Collected data entries
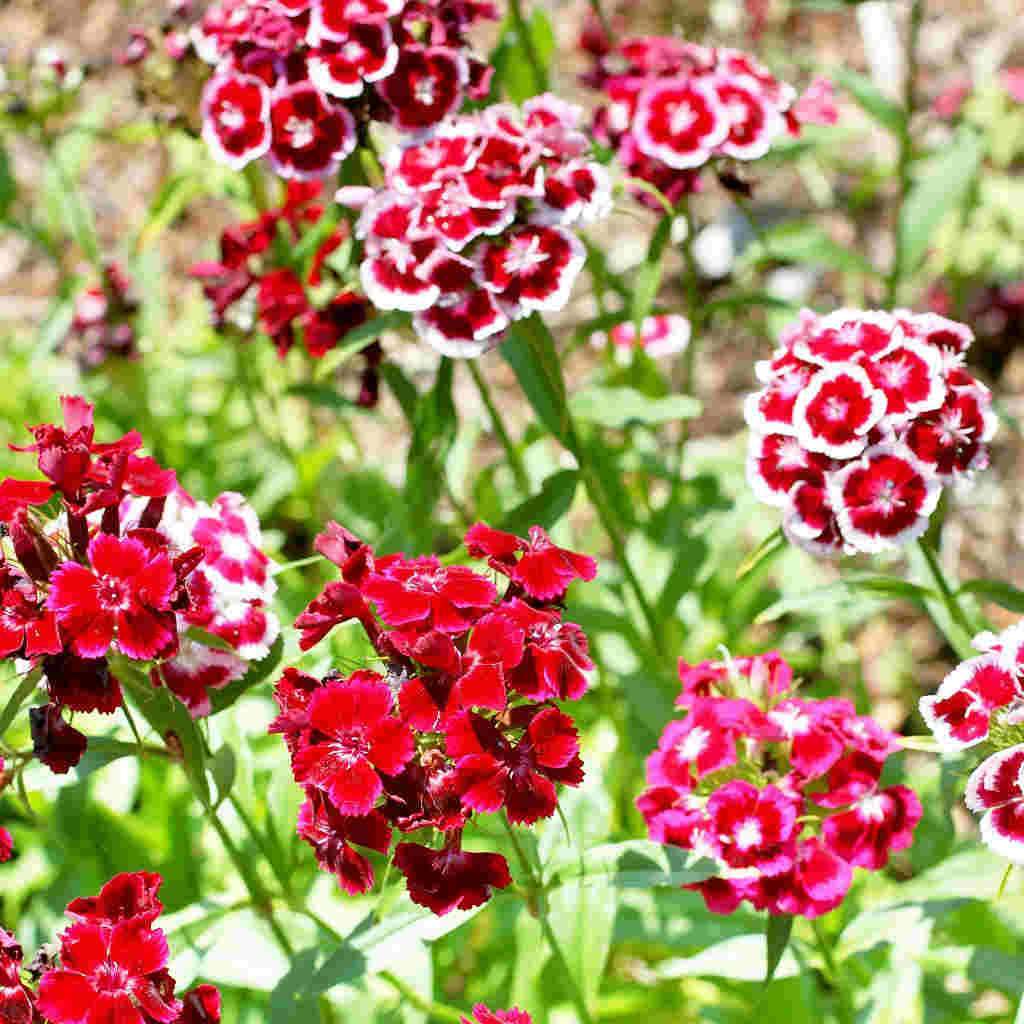 Sweet William Mixed Colours - McKenzie Seeds 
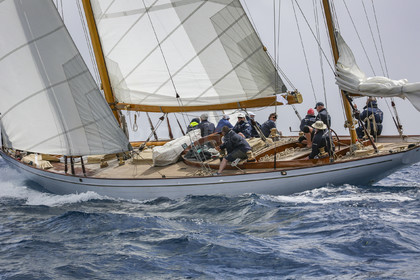 O60A2370.jpg
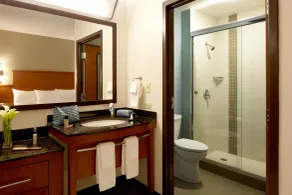 Hyatt Place Atlanta Downtown - Chambre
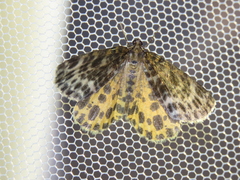 Arichanna melanaria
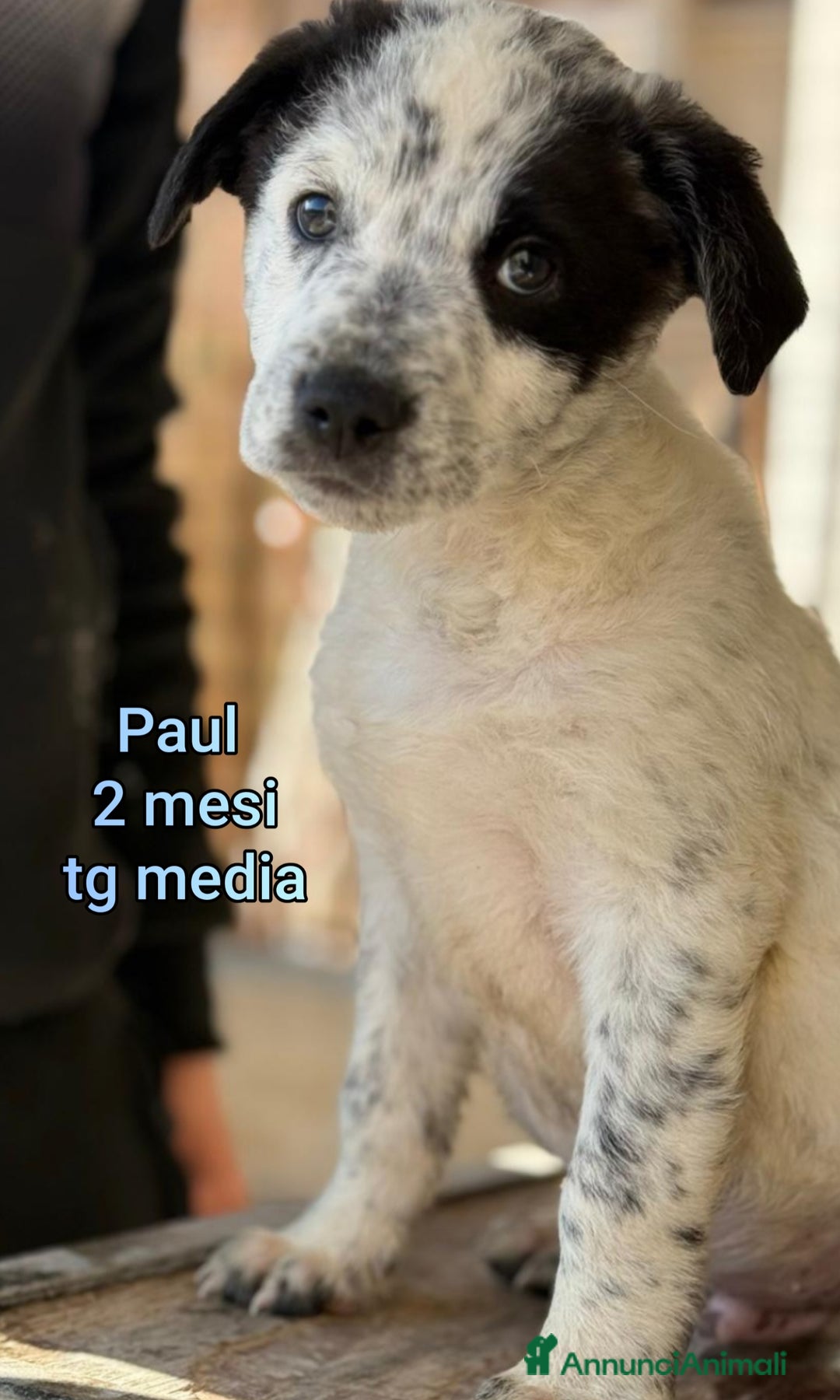 Meticcio cani in regalo: CUCCIOLI ABBANDONATI: EMERGENZA  - Annuncio 7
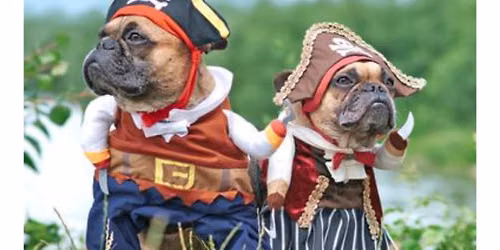 Touch of Magic - Silly Pirates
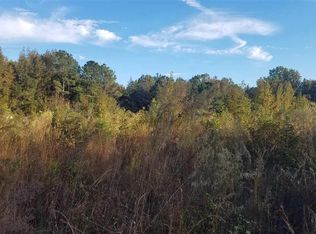 Tbd Asbury Church Rd, Clio, SC 29525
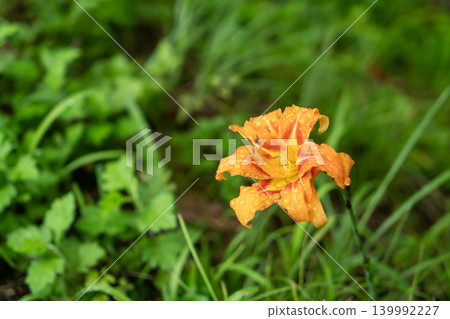 Daylilies blooming by the roadside Daylilies blooming by the roadside 139992227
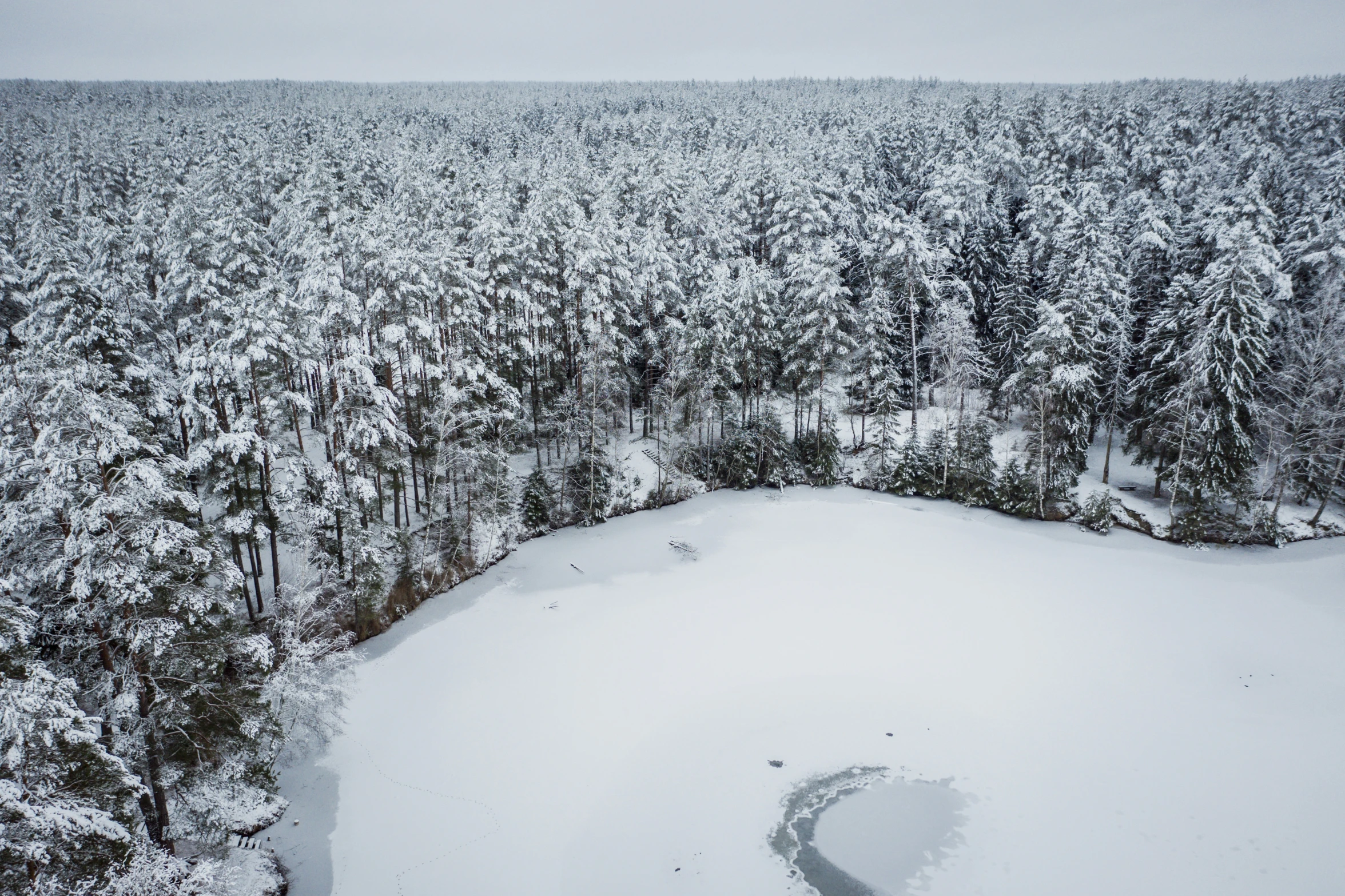 snowy trees and an expansive white field surrounded by snow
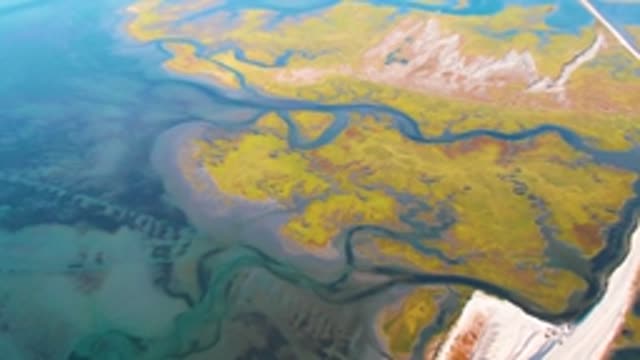 GUERRERO NEGRO BCS MEXICO-2022: Winding River Through Colorful Tundra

ASSIGNED TASK | Your copy of the data above should match it exactly, apart from the images.

YOUR RESPONSE |
 Sweet William Mixed Colours - McKenzie Seeds 
 O60A2370.jpg
 Hyatt Place Atlanta Downtown - Chambre
 Arichanna melanaria
 Meticcio cani in regalo: CUCCIOLI ABBANDONATI: EMERGENZA  - Annuncio 7
 Touch of Magic - Silly Pirates
 Tbd Asbury Church Rd, Clio, SC 29525
 Daylilies blooming by the roadside Daylilies blooming by the roadside 139992227
 snowy trees and an expansive white field surrounded by snow
 GUERRERO NEGRO BCS MEXICO-2022: Winding River Through Colorful Tundra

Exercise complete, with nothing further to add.